Search code examples
pythonmultithreadingmultiprocessing

How to run many threads/procs with global timeout


I'm trying to run many python threads (or separate processes) from the 'run' method of class GetDayMin. I want the threads or processes to run simultaneously, and after 40 seconds the class instance writes it's data (from each thread/proc) and exits. While I can start each thread without waiting on anything to complete, if I use the join method to wait on any thread, it could take a long time to timeout since successive threads may all be blocked. It seems the join method of both threading and multiprocessing will hang until the timeout.

For example, if in my class I start 5 threads and then wait 40 seconds in order of thread creation, the first thread could take 40 seconds to timeout, and then we go to the second thread with takes 40 seconds to timeout etc. We could end up waiting 200 seconds for 5 threads.

What I want is that no thread takes longer than 40 seconds, so the whole class instance lasts a maximum of 40 seconds too. I'm willing to do multiprocessing instead of multithreading if that makes things easier. What I really anticipate is that most threads will complete within 10 seconds but three or four may hang, and I don't want to wait for them. How can I accomplish this?

import multiprocessing
import pandas as pd
import random
import time

class GetDayMin:
    def __init__(self):
        self.results = pd.DataFrame()  # Shared DataFrame to store results

    def add_result(self, result):
        self.results = self.results.append(result, ignore_index=True)

    def process_function(self):
        sleep_time = random.randint(30, 50)  # Random sleep time between 30 to 50 seconds
        time.sleep(sleep_time)  # Pretend I'm calculating something
        
        # Return the time slept to store in the results to simulate thread communication
        return {'process_id': multiprocessing.current_process().pid, 'time_slept': sleep_time}

    def run(self):
        processes = []
        for _ in range(30):
            process = multiprocessing.Process(target=self.process_function)
            processes.append(process)

        # Start all processes
        for process in processes:
            process.start()

        # Wait for all processes to finish or timeout after 40 seconds (each--unfortunately)
        for process in processes:
            process.join(timeout=40)
            if process.is_alive():
                process.terminate()
                process.join()  # wait on process--want this to be a collective 40 seconds

Solution

  • It seems to me that you can compute an absolute time expiration_time when all submitted tasks should have completed and if any are still running after that time they should be terminated.

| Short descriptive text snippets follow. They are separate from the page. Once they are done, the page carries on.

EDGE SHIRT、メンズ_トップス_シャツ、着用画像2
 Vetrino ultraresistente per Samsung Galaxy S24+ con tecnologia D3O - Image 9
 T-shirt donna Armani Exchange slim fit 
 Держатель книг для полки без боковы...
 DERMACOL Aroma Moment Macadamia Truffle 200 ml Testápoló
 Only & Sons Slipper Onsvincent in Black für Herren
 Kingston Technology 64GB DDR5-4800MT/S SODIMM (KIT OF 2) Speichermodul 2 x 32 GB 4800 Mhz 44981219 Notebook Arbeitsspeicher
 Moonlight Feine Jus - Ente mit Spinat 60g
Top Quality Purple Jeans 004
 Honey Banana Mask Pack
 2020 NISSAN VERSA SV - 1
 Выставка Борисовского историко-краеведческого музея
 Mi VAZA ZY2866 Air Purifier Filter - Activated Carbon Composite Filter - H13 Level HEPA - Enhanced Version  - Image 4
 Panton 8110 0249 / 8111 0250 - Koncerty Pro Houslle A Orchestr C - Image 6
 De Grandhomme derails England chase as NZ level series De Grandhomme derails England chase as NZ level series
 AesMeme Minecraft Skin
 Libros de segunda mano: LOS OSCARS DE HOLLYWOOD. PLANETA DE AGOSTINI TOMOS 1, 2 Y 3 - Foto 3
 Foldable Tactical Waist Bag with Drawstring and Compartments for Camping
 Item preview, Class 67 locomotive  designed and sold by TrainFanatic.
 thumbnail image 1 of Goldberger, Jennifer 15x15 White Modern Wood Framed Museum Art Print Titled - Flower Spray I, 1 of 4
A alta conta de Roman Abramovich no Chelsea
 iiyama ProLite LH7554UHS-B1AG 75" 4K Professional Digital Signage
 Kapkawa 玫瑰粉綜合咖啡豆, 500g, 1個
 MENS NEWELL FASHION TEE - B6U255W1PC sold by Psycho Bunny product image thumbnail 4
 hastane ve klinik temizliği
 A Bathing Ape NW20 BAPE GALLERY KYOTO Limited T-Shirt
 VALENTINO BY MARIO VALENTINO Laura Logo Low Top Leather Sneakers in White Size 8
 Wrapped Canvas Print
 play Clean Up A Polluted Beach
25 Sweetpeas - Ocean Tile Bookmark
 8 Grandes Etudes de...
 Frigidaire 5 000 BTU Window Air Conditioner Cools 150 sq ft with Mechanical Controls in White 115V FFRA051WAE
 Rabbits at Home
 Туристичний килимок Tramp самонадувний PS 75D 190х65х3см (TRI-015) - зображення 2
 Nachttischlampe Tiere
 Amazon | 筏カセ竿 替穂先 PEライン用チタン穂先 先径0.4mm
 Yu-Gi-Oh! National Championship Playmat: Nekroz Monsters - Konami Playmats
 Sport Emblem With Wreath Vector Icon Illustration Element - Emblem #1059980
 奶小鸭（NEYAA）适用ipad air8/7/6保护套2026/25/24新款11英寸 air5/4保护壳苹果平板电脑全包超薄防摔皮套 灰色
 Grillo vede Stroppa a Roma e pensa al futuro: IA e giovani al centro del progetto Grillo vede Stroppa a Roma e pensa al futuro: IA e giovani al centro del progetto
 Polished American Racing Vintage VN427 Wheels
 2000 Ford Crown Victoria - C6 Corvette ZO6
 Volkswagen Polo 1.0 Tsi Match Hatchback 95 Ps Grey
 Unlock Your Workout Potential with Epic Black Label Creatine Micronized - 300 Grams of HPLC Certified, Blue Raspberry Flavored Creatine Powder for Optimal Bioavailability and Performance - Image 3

The amount of time you specify on process.join() can be computed from that expiration_time and the current time:

    ...
        def run(self):
            processes = []
            for _ in range(30):
                process = multiprocessing.Process(target=self.process_function)
                processes.append(process)
    
            # Start all processes
            for process in processes:
                process.start()
    
            # Wait for all processes to finish or timeout after 40 seconds
            expiration_time = time.time() + 40
            time_expired = False
            for process in processes:
                if time_expired:
                    process.terminate()
                else:
                    wait_time = expiration_time - time.time()
                    if wait_time <= 0:
                        process.terminate()
                        time_expired = True
                    else:
                        process.join(timeout=wait_time)
                        if process.is_alive():
                            process.terminate()
                            time_expired = True
    

    But Consider This

    You can see my answer above, which only addresses your timing issue, but I also wanted to mention that if your actual process_function calls method add_result the results will not be what you expected because each process will see its own copy of the dataframe. Also, you have method process_function returning a value. But you cannot return a value back to the caller form a process instance that way. You might want the following:

    import multiprocessing
    import pandas as pd
    import random
    import time
    
    class GetDayMin:
        def __init__(self):
            self.results = pd.DataFrame()  # Shared DataFrame to store results
    
        def add_result(self, result):
            self.results = self.results.append(result, ignore_index=True)
    
        def process_function(self, results_dict):
            sleep_time = random.randint(30, 50)  # Random sleep time between 30 to 50 seconds
            time.sleep(sleep_time)  # Pretend I'm calculating something
    
            # Return the time slept to store in the results to simulate thread communication
            results_dict[multiprocessing.current_process().pid] = sleep_time
    
        def run(self):
            with multiprocessing.Manager() as manager:
                results_dict = manager.dict()
                processes = [
                    multiprocessing.Process(target=self.process_function, args=(results_dict,))
                    for _ in range(30)
                ]
    
                # Start all processes
                for process in processes:
                    process.start()
    
                # Wait for all processes to finish or timeout after 40 seconds
                start_time = time.time()
                expiration_time = start_time + 40
                time_expired = False
                for process in processes:
                    if time_expired:
                        process.terminate()
                    else:
                        wait_time = expiration_time - time.time()
                        if wait_time <= 0:
                            process.terminate()
                            time_expired = True
                        else:
                            process.join(timeout=wait_time)
                            if process.is_alive():
                                process.terminate()
                                time_expired = True
    
                end_time = time.time()
                print(f'Total elapsed time: {end_time - start_time} seconds')
                for pid, sleep_time in results_dict.items():
                    print(f'Process {pid} slept for {sleep_time} seconds')
    
    if __name__ == '__main__':
        GetDayMin().run()
    

    Prints:

    Total elapsed time: 40.00496006011963 seconds
    Process 500 slept for 30 seconds
    Process 504 slept for 30 seconds
    Process 466 slept for 32 seconds
    Process 512 slept for 33 seconds
    Process 461 slept for 34 seconds
    Process 470 slept for 35 seconds
    Process 455 slept for 36 seconds
    Process 459 slept for 36 seconds
    Process 491 slept for 36 seconds
    Process 472 slept for 37 seconds
    Process 507 slept for 37 seconds
    Process 486 slept for 39 seconds
    Process 463 slept for 40 seconds
    Process 477 slept for 40 seconds
    

    The same can be accomplished with a multiprocessing pool. In this case given your worker function process_function if we have a pool of size N and we submit N tasks to the pool, each pool process will process a single task. The advantage of using a pool is that the worker function is able to directly return a result and we therefore don't need to use a managed dictionary.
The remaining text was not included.